On 9 January 2018, the Financial Conduct Authority (“FCA”) sent a letter to the CEOs of all its regulated firms expressing concern over recent financial promotions that wrongly suggested that all of a firm’s activities were regulated by the FCA and/or the Prudential Regulation Authority (“PRA”), when in reality they were not regulated.

Jonathan Davidson, the FCA’s Executive Director of Supervision – Retail and Authorisations, commented that it was “completely unacceptable” for firms “to market unregulated investments by implying to customers that all of their business is regulated”, adding that the FCA is committed to ending this practice.

The FCA additionally recommended that customers should ask firms whether the particular service they are buying is regulated by the FCA.

Financial promotions

Financial promotions are defined as invitations or enticements aimed at customers to engage in investment activity through a firm. Advertising is the obvious example of such communications, but other forms of promotion include marketing brochures, statements on firms’ websites, or their social media posts. Under COBS 4.2 of the FCA handbook, these financial promotions must be ‘fair, clear and not misleading’.

It is crucial when drafting a financial promotion to be transparent about the extent to which the firm is regulated by the FCA or PRA: a failure to do so will amount to being ‘misleading’. It is not uncommon for only part of a firm’s business to be regulated, in which case the firm should clarify which parts in its promotions. Merely implying that an activity is regulated when it is not, or failing to indicate that an activity is not regulated by the FCA, can fall foul of the FCA rule GEN 4.5.4R of the General Provisions manual.

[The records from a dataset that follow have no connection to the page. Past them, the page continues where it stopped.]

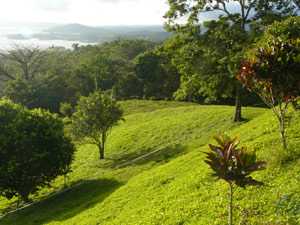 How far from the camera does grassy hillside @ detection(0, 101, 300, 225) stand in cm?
759

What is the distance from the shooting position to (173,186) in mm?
11508

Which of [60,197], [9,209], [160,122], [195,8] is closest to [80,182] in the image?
[60,197]

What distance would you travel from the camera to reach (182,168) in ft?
45.9

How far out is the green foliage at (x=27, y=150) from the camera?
647 inches

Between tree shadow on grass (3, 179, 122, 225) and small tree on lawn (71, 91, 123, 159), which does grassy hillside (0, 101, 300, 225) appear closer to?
tree shadow on grass (3, 179, 122, 225)

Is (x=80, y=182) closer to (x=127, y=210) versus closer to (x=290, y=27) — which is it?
(x=127, y=210)

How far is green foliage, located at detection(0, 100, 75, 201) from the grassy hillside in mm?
1921

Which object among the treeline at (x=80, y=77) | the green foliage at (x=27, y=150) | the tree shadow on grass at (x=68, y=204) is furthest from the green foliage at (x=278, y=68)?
the treeline at (x=80, y=77)

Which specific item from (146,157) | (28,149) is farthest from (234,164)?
(146,157)

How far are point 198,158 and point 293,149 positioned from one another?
6.14 m

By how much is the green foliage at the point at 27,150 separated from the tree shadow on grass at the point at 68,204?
5.61 ft

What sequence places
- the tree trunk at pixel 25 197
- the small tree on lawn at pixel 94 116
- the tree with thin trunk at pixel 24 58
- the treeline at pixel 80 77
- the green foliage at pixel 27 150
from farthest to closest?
the tree with thin trunk at pixel 24 58
the treeline at pixel 80 77
the small tree on lawn at pixel 94 116
the tree trunk at pixel 25 197
the green foliage at pixel 27 150

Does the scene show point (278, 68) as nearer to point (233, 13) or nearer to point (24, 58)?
point (233, 13)

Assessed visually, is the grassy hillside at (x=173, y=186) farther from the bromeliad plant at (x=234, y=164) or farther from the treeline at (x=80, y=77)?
the treeline at (x=80, y=77) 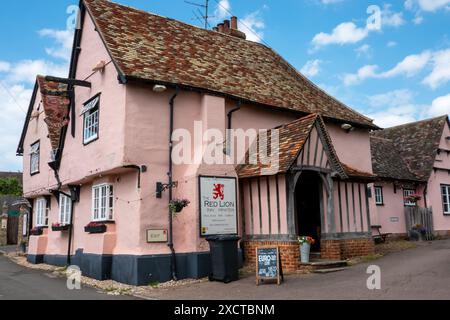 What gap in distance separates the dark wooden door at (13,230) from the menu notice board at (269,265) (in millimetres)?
29415

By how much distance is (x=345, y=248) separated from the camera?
48.5 feet

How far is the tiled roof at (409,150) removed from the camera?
77.3 ft

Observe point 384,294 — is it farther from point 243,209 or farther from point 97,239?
point 97,239

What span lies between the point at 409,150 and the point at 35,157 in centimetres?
2110

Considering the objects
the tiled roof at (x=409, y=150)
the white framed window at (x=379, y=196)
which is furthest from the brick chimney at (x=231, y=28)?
the white framed window at (x=379, y=196)

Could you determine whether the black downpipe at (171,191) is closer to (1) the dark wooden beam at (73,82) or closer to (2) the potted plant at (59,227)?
(1) the dark wooden beam at (73,82)

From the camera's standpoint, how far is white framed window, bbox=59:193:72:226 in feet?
57.7

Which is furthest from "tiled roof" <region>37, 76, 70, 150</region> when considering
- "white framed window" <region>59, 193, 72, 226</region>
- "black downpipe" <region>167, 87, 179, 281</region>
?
"black downpipe" <region>167, 87, 179, 281</region>

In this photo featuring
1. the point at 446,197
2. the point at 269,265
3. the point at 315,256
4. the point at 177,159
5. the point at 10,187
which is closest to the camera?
the point at 269,265

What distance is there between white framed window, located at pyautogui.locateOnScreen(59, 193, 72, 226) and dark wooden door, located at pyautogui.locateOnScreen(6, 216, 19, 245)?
19.4 m

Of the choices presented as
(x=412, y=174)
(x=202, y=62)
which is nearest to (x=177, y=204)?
(x=202, y=62)

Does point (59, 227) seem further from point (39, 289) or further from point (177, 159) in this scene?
point (177, 159)

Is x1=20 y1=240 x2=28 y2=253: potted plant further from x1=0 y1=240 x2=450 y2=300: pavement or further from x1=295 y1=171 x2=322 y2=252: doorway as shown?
x1=295 y1=171 x2=322 y2=252: doorway

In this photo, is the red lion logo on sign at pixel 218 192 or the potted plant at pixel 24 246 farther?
the potted plant at pixel 24 246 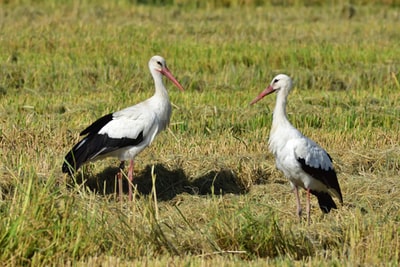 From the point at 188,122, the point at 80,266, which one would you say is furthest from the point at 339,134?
the point at 80,266

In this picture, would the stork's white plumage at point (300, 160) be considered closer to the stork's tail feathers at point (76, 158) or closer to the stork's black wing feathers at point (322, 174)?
the stork's black wing feathers at point (322, 174)

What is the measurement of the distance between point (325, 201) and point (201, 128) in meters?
2.68

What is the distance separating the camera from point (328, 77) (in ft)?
44.1

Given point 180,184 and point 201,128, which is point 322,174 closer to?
point 180,184

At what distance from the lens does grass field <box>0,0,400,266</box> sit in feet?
20.6

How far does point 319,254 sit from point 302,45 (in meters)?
9.44

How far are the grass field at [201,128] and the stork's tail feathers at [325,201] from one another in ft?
0.33

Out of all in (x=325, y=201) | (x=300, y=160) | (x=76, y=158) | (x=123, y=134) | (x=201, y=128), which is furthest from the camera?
(x=201, y=128)

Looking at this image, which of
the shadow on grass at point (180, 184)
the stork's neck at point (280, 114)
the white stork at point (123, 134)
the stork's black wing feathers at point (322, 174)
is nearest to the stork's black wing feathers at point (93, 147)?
the white stork at point (123, 134)

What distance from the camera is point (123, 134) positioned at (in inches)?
327

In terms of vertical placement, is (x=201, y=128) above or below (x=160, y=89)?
below

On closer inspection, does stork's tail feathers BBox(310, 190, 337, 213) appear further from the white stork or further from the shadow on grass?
the white stork

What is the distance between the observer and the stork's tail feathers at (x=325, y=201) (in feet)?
26.2

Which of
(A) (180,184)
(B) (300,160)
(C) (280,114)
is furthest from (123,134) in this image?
(B) (300,160) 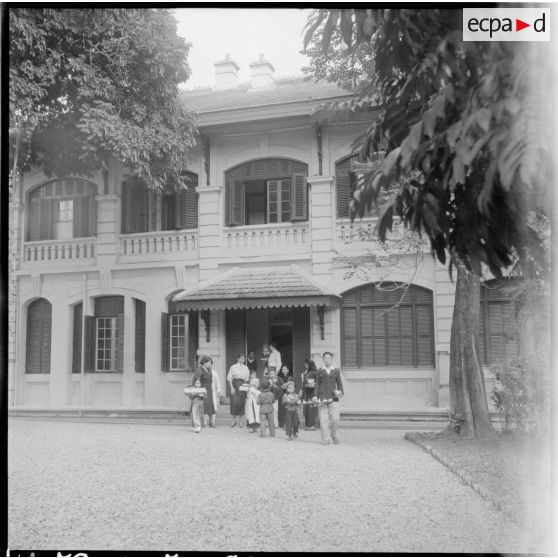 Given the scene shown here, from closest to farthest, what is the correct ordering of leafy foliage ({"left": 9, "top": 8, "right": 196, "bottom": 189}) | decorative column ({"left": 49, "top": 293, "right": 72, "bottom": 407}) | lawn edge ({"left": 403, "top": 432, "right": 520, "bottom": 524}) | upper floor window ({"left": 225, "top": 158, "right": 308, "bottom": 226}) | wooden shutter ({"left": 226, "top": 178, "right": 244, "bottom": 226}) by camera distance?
1. lawn edge ({"left": 403, "top": 432, "right": 520, "bottom": 524})
2. leafy foliage ({"left": 9, "top": 8, "right": 196, "bottom": 189})
3. decorative column ({"left": 49, "top": 293, "right": 72, "bottom": 407})
4. upper floor window ({"left": 225, "top": 158, "right": 308, "bottom": 226})
5. wooden shutter ({"left": 226, "top": 178, "right": 244, "bottom": 226})

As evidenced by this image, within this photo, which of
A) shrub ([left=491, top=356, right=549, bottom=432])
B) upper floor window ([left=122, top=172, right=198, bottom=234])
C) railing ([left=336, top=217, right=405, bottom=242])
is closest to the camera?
shrub ([left=491, top=356, right=549, bottom=432])

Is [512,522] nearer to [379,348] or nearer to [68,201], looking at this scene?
[379,348]

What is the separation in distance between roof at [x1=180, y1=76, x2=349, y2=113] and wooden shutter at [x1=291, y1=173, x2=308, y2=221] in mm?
1018

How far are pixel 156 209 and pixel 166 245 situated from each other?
0.57 m

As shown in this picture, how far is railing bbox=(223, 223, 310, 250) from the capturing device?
7914 millimetres

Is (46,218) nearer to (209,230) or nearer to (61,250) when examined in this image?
(61,250)

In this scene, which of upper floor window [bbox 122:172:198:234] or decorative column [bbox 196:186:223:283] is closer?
upper floor window [bbox 122:172:198:234]

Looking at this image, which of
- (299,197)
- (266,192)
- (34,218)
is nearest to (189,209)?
(299,197)

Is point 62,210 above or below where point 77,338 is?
above

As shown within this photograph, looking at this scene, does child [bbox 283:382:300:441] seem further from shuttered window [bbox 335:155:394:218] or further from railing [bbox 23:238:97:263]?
railing [bbox 23:238:97:263]

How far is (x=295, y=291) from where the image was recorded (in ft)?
26.3

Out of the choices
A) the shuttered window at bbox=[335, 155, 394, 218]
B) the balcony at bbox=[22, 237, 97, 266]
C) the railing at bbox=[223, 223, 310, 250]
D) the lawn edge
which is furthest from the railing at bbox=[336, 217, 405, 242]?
the balcony at bbox=[22, 237, 97, 266]

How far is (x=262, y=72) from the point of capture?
6180mm

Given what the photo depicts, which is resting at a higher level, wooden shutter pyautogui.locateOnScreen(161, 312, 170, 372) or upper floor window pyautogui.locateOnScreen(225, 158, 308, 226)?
upper floor window pyautogui.locateOnScreen(225, 158, 308, 226) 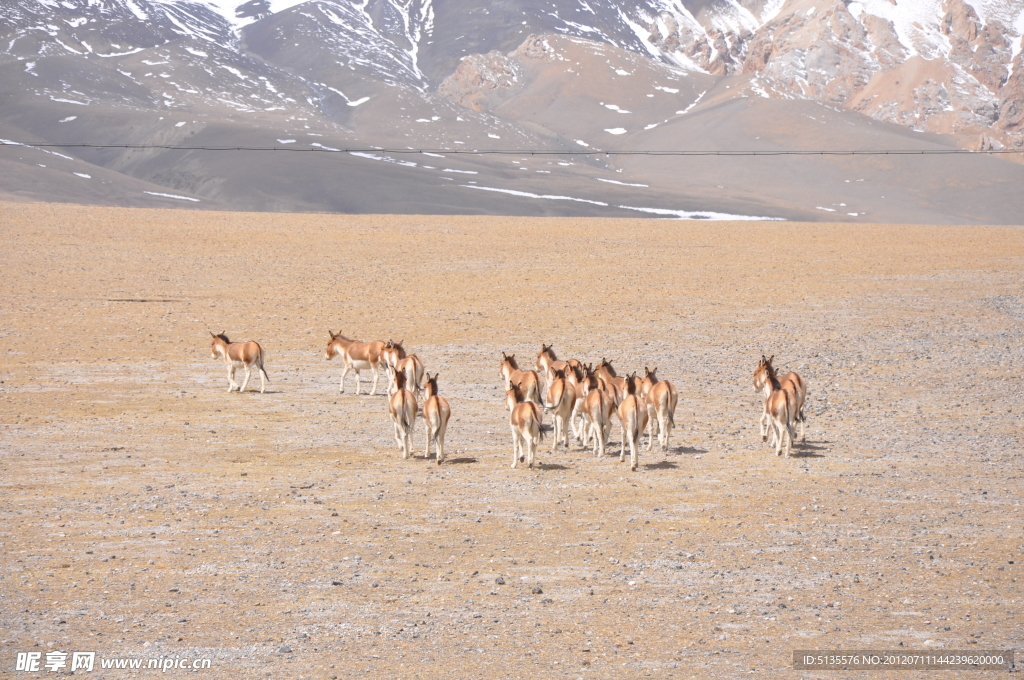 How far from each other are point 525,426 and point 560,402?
1.58m

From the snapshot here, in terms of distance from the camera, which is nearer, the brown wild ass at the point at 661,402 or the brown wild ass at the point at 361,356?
the brown wild ass at the point at 661,402

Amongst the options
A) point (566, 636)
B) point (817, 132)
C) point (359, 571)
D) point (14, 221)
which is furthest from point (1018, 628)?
point (817, 132)

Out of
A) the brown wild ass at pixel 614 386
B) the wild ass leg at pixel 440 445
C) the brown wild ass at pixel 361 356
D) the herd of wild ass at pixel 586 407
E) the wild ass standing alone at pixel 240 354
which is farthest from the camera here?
the brown wild ass at pixel 361 356

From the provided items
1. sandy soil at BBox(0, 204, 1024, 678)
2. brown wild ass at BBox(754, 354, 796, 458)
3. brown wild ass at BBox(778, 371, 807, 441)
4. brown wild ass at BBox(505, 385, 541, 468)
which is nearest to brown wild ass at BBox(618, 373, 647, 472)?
sandy soil at BBox(0, 204, 1024, 678)

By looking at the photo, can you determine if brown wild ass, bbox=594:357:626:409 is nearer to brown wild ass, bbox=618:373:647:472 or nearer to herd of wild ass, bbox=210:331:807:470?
herd of wild ass, bbox=210:331:807:470

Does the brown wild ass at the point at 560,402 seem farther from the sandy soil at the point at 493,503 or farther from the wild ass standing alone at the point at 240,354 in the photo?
the wild ass standing alone at the point at 240,354

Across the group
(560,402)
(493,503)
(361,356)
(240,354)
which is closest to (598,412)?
(560,402)

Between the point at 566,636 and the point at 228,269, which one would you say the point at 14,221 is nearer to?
the point at 228,269

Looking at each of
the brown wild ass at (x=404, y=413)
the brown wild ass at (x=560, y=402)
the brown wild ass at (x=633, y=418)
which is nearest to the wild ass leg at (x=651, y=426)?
the brown wild ass at (x=560, y=402)

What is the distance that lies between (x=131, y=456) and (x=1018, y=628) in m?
10.1

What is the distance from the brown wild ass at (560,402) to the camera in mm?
14461

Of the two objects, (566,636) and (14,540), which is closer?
(566,636)

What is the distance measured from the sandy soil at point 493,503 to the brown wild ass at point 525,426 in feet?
1.04

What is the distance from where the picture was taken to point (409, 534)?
10.6 m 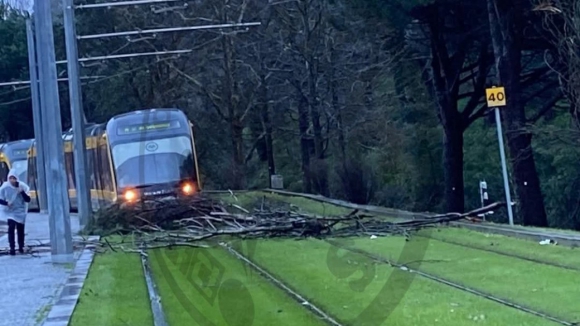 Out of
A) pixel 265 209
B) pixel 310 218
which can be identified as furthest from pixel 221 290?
pixel 265 209

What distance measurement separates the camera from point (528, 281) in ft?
48.9

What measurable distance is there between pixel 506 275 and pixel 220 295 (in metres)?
3.95

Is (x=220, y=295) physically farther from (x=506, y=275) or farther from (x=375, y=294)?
(x=506, y=275)

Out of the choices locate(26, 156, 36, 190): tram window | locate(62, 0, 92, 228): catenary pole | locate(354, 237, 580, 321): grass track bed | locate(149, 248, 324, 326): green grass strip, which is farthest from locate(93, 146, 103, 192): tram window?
locate(354, 237, 580, 321): grass track bed

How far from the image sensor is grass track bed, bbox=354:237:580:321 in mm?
12922

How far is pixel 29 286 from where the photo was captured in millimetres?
17938

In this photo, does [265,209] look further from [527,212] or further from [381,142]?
[381,142]

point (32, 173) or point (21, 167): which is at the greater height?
point (21, 167)

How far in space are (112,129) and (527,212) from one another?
12.6 metres

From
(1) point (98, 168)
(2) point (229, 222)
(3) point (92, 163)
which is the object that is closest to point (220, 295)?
(2) point (229, 222)

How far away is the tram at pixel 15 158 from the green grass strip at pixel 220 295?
36.8m

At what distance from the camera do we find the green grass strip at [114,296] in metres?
13.3

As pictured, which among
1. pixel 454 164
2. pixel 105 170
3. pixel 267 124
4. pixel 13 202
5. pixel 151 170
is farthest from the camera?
pixel 267 124

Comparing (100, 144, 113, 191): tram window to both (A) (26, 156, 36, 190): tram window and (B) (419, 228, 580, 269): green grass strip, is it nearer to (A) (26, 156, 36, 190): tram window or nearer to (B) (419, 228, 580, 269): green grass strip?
(B) (419, 228, 580, 269): green grass strip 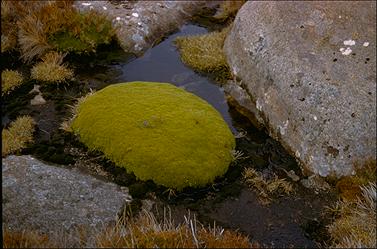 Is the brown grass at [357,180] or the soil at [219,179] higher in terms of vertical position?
the brown grass at [357,180]

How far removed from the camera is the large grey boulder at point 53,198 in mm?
8148

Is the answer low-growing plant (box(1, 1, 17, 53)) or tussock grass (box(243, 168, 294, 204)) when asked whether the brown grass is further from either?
low-growing plant (box(1, 1, 17, 53))

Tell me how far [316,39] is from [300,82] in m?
1.33

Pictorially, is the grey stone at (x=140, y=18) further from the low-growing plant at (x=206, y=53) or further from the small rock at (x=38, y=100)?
the small rock at (x=38, y=100)

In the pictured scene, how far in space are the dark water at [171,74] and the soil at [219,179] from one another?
3 cm

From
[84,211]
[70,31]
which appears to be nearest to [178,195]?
[84,211]

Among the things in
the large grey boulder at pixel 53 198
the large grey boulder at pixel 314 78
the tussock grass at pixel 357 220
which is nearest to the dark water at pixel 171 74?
the large grey boulder at pixel 314 78

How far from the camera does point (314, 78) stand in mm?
10539

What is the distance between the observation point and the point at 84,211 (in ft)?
27.9

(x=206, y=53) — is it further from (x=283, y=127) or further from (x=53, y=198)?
(x=53, y=198)

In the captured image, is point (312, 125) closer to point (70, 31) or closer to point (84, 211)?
point (84, 211)

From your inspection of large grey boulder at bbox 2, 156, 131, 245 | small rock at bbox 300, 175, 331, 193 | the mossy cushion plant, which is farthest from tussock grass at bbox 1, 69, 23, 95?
small rock at bbox 300, 175, 331, 193

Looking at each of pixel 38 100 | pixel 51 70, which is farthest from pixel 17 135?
pixel 51 70

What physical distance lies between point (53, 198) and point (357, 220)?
17.4 ft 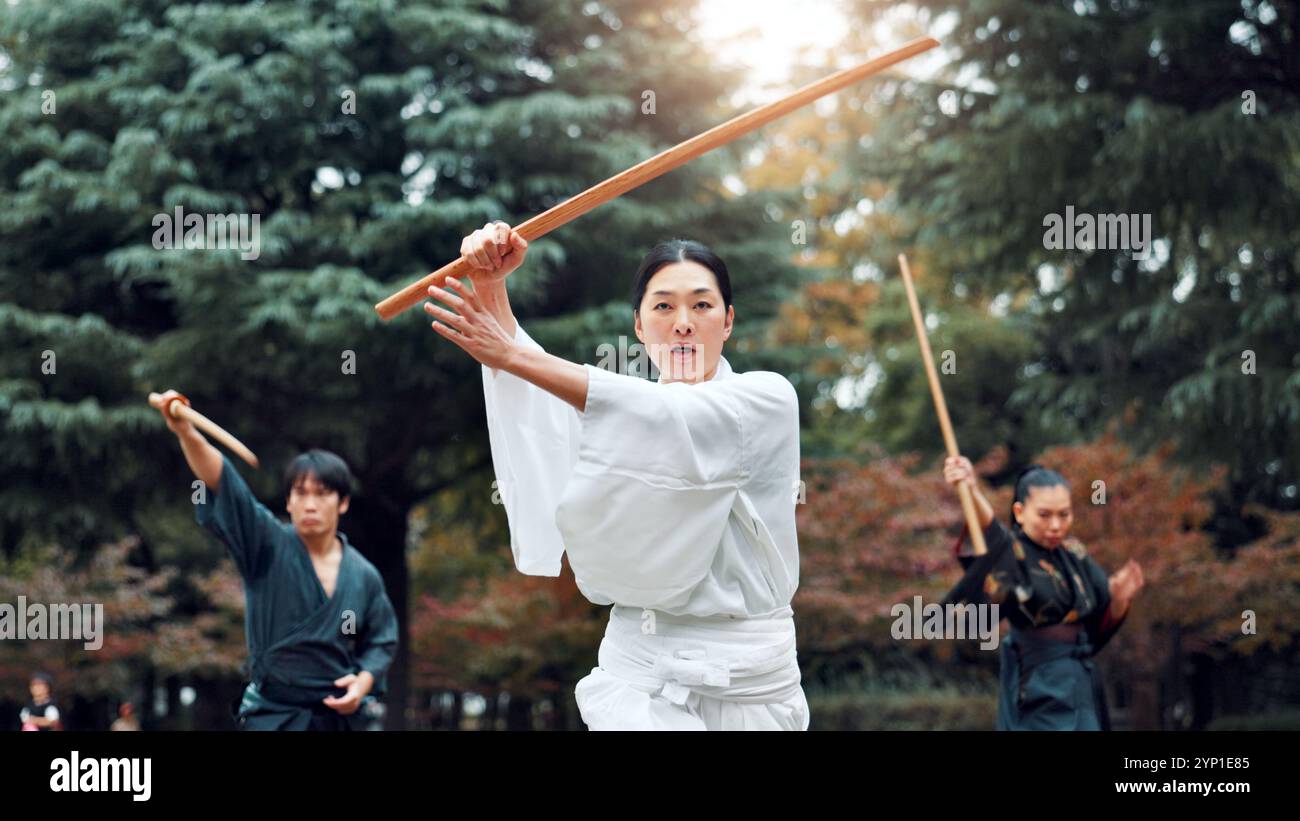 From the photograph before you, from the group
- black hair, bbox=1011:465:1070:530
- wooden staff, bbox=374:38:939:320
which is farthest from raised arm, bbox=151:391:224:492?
black hair, bbox=1011:465:1070:530

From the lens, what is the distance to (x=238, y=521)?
4836mm

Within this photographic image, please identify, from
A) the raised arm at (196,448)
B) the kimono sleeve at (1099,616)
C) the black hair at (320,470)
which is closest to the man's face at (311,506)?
the black hair at (320,470)

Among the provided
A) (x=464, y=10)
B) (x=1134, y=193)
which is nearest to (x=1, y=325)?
(x=464, y=10)

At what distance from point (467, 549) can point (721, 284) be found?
44.1ft

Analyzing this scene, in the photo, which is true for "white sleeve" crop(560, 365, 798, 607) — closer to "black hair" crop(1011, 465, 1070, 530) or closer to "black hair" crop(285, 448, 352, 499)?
"black hair" crop(285, 448, 352, 499)

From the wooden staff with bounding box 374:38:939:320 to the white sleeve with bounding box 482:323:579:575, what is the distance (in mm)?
292

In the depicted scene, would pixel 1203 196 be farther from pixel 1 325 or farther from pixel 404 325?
pixel 1 325

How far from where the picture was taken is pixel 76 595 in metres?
12.0

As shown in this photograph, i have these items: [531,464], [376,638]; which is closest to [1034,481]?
[376,638]

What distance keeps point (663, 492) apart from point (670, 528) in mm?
80

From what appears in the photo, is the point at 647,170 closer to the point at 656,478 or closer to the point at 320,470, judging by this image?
the point at 656,478

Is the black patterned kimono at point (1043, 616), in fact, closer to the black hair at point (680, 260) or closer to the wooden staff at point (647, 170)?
the black hair at point (680, 260)

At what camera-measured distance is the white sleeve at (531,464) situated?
2941 mm

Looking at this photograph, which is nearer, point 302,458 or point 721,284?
point 721,284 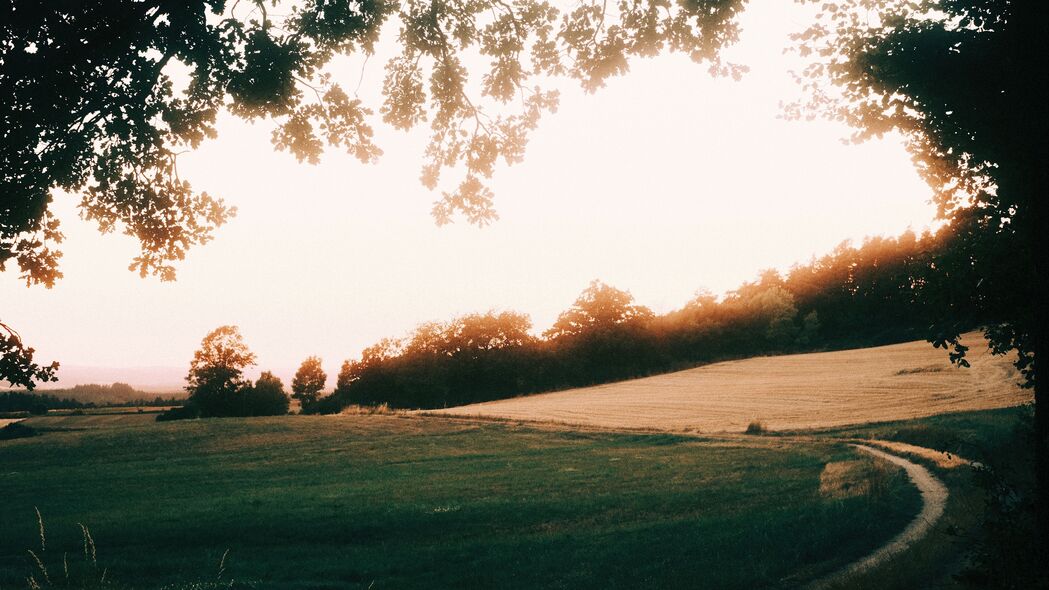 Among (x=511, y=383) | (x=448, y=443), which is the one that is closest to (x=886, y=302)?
(x=511, y=383)

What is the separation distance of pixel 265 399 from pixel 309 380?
2731 cm

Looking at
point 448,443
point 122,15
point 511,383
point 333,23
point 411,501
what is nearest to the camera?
point 122,15

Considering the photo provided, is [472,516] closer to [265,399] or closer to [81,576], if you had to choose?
[81,576]

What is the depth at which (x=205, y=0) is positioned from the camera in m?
7.81

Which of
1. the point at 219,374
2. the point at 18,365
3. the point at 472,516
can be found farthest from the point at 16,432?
the point at 18,365

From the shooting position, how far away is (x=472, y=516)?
656 inches

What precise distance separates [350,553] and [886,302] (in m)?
105

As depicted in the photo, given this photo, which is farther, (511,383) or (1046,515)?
(511,383)

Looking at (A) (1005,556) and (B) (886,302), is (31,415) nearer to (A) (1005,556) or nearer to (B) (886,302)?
(A) (1005,556)

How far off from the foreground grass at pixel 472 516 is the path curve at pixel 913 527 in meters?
0.34

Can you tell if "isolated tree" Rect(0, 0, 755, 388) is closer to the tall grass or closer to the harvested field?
the tall grass

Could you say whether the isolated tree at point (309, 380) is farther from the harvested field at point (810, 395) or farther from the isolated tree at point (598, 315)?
the harvested field at point (810, 395)

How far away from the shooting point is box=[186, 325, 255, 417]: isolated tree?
78975 mm

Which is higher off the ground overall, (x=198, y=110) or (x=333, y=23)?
(x=333, y=23) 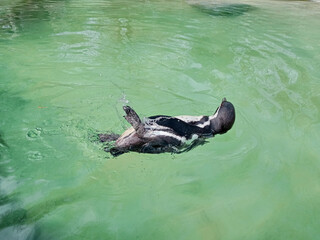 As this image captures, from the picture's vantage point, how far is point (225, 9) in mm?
12430

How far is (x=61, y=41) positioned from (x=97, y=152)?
470 centimetres

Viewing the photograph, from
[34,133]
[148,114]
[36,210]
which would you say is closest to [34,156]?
[34,133]

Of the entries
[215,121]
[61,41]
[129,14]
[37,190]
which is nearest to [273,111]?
[215,121]

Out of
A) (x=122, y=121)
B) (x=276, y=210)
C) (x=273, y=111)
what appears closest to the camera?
(x=276, y=210)

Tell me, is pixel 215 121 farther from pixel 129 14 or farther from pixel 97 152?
pixel 129 14

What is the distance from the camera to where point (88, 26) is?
851cm

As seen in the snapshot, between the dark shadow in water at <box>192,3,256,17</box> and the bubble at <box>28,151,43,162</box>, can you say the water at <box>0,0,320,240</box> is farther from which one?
the dark shadow in water at <box>192,3,256,17</box>

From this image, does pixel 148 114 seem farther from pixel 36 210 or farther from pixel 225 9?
pixel 225 9

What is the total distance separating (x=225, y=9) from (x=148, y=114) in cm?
973

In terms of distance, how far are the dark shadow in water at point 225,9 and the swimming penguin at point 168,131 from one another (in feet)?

The risks for non-complying firms

The onus on ensuring that advertising is compliant with FCA rules lies upon the firms, as the FCA simply monitors – it does not preapprove. However once the FCA discovers a misleading promotion, it can warn firms, remove the promotion from the public eye under section 137S of the Financial Services and Markets Act 2000, and/or take enforcement action against the firm and its senior management.

Given the clear harm posed to the misinformed public, firms can incur more serious penalties. Misleading statements can amount to a criminal offence, and there is a right of action for damages for anyone suffering a loss as a result of the misleading information.


Regulated firms, and in particular their senior managers, should heed the warning that the FCA is sending through this “Dear CEO” letter. If firms do not understand and comply with the rules on financial promotions, they could face at best the removal of their adverts and public shaming from the FCA, and at worst criminal sentencing and pay-outs to misled customers.

In particular, senior managers and boards have a responsibility to confirm a financial promotion complies with FCA rules, when that promotion is being delivered to the public by an unauthorised person.

The ramifications mentioned here are not remote threats. As recently as November 2018 the FCA had the promotions of London Capital & Finance Plc (“LCF”) relating to a Fixed Rate ISA or Bond withdrawn. In addition all of LCF’s regulated activities have been suspended, and they are being investigated by FCA’s enforcement division.

By aiming this warning at CEOs, the FCA reminds senior managers of its power to discipline them personally (through fines, bans from regulated activity etc.) We recommend that senior managers recognise their responsibility and pre-emptively ensure their firm’s compliance with FCA rules.